## [WHAT THE TASK ASKS]
Line by line, the data below should be set down unchanged, with images excluded.

## [DATA EXCERPTS]
######

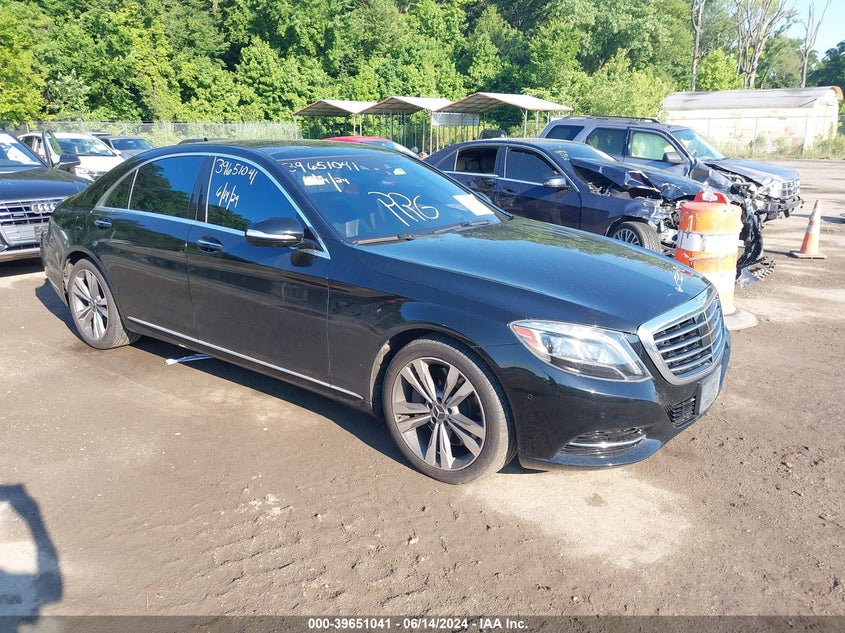 2016 Mercedes-Benz S 550 4Matic VIN: WDDUG8FB0GA268254 Lot: 39651041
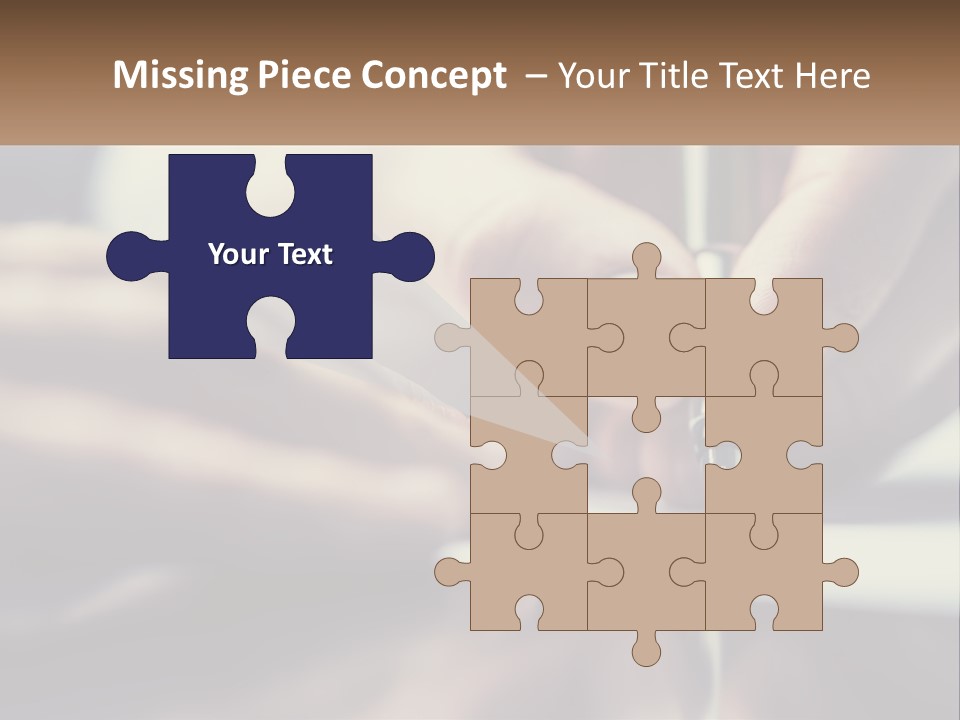 A Person Writing On A Piece Of Paper With A Pen PowerPoint Template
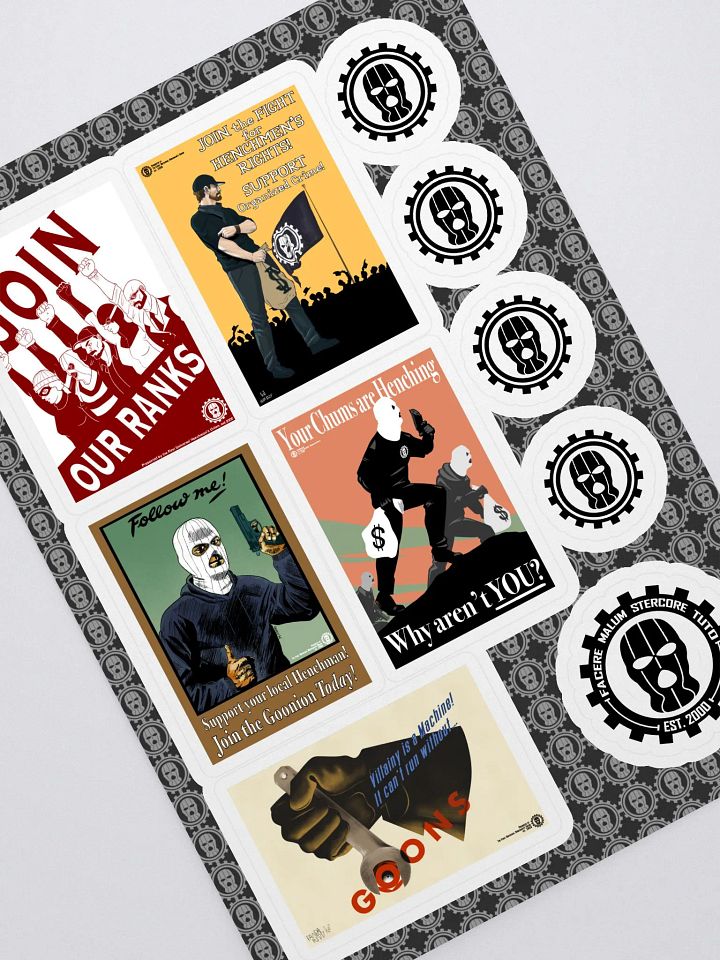 Goonion Propaganda Poster Sticker Sheet product image (1)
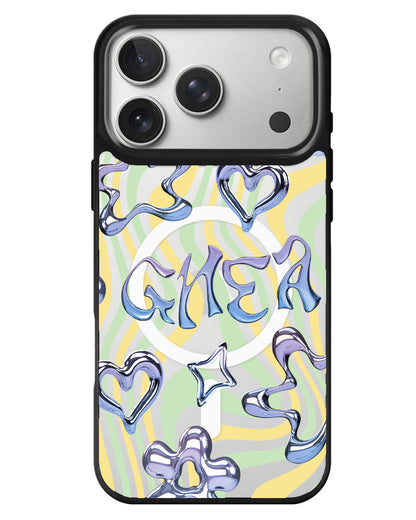 iPhone Rearguard MagSwap - Chrome Monogram 1.0
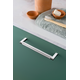 Poignée BROOKLYN BA320 L330 aluminium brillant nickel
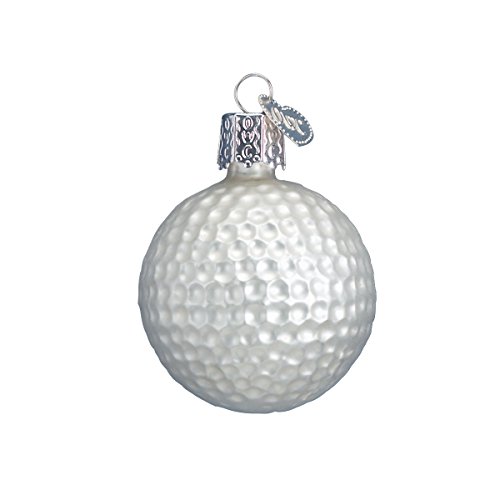 2020 Golf Ball Glass Blown Ornament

######

## [PROBLEM SOLUTION]
 2016 Mercedes-Benz S 550 4Matic VIN: WDDUG8FB0GA268254 Lot: 39651041
 A Person Writing On A Piece Of Paper With A Pen PowerPoint Template
 Goonion Propaganda Poster Sticker Sheet product image (1)
 iPhone Rearguard MagSwap - Chrome Monogram 1.0
 Poignée BROOKLYN BA320 L330 aluminium brillant nickel
 2020 Golf Ball Glass Blown Ornament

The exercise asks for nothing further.